I'm not saying that it's a 100% solution, just a practical approach.
it's a practical approach to serve normalized data but monitoring systems are most valuable by making abnormal conditions inspectable. proper modeling of a system has this power
so while this seems persuasive, it's fundamentally about normal data which yields little value in extrapolation
I think the next jump will come from neurosymbolic approaches, merging timeseries with a description of what they are about as input.
You can use that description for system identification, i.e. build a model of how the "world" works. This can be translated into a two-part network architecture, one is essentially a world-model-informed (physics-informed, as its often called in literature) part for the known-unknowns, the other one is a bounded error term for the unknown unknowns (e.g. dense layers, or maybe dense layers + non-linearities that capture the fundamental modes of the problem space for reservoir computing). The world model is revised with another external cycle of meta-learning, via symbolic regression.
The unknown-unkowns bit that I choose is designed as a shallow network that can be trained online (traditional methods, but I'd like to see if the forward-forward algorithm from Hinton would work well for short-term online adjustments), or by well-known tools like particle filters / kalman filters.
The non-linearities (and the overall approach in general) resemble physics-informed dynamic mode decomposition (piDMD), which show remarkable resistance to noise (e.g. salt & pepper).
If you have simple timeseries, and not very complex hierarchical systems that change over time and show novel modes that you haven't encountered before, then piDMD is likely enough for what you need.
---
Essentially, what I describe is a multi modal model for timeseries + a planning step. (AlphaGeometry to the rescue?)
---
Like you say, time-series in general have an incredibly complicated domain with comparatively few data available.
For example, real-world complex physical systems (industrial plants, but also large-scale software systems) may have replicas of the same components with complex behavior, and no/few shared dependencies for reliability or other constraints (e.g. physically apart).
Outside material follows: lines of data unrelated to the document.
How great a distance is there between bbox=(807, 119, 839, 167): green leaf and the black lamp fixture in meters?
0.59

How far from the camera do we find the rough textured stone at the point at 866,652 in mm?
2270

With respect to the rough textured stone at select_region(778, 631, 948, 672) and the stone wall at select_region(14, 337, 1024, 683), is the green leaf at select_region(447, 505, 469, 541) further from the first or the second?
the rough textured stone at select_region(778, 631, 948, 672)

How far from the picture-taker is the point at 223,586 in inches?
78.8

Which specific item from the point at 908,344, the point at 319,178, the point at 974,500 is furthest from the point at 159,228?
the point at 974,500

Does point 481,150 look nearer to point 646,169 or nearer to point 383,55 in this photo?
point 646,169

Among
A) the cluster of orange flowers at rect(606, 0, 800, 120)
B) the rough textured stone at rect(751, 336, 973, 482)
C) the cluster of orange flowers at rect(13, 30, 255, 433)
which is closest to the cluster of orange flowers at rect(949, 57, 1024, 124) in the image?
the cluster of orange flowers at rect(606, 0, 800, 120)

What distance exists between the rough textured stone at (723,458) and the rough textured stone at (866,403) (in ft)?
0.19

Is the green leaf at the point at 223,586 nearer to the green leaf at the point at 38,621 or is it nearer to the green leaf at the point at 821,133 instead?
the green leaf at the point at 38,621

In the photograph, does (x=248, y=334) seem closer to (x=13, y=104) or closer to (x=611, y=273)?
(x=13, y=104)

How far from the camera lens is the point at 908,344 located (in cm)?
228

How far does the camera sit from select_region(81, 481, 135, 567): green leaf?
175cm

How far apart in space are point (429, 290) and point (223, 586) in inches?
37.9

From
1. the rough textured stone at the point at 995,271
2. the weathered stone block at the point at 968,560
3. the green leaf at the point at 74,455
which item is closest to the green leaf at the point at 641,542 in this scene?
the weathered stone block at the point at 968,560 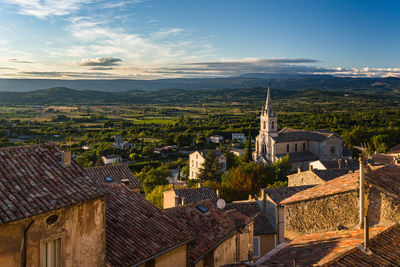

These can be captured by transformers. Training will be much faster if you initialize weights like I describe above, and share weights among replicas. The physical structure also creates particular conditions on the covariant matrixes and on the domain of higher-level timeseries (ultrametric spaces, which changes how measurement and frequency behaves there and can lead to great simplifications, but also errors if tools like FFT are applied blindly without proper adjustments; much like in operations research / planning problems, symmetries are sought after to reduce complexity).
On the other hand, the next level that compose these building blocks often have graph structure and sometimes scale-free networks (e.g. if they represent usage or behaviors, rather than physical systems). I think we'll see graph neural networks shine on this front.
There are likely other kind of behavior that I haven't encountered yet in my work.
I think overall, we'll see planning/neurosymbolic used at the highest-layer, graph neural networks for scale-free networks and to optimize long-range connections (also when a dense model with dynamic covariant matrices would be too expensive to compute even in sparse form), and transformers or/with piDMD-like approaches for dense patches of complex behavior. I.e. graph models as a generalization for spatial locality to arbitrary spatial-like domains, transformers/piDMD or similar for sequence-/time- locality for arbitrary complex systems. (I wonder what kind of weights will they implement when trained together on problems that are fundamentally in the middle, where traditionally one would use wavelets... if you look a the GraphCast model by deepmind for weather forecasting, it looks quite similar)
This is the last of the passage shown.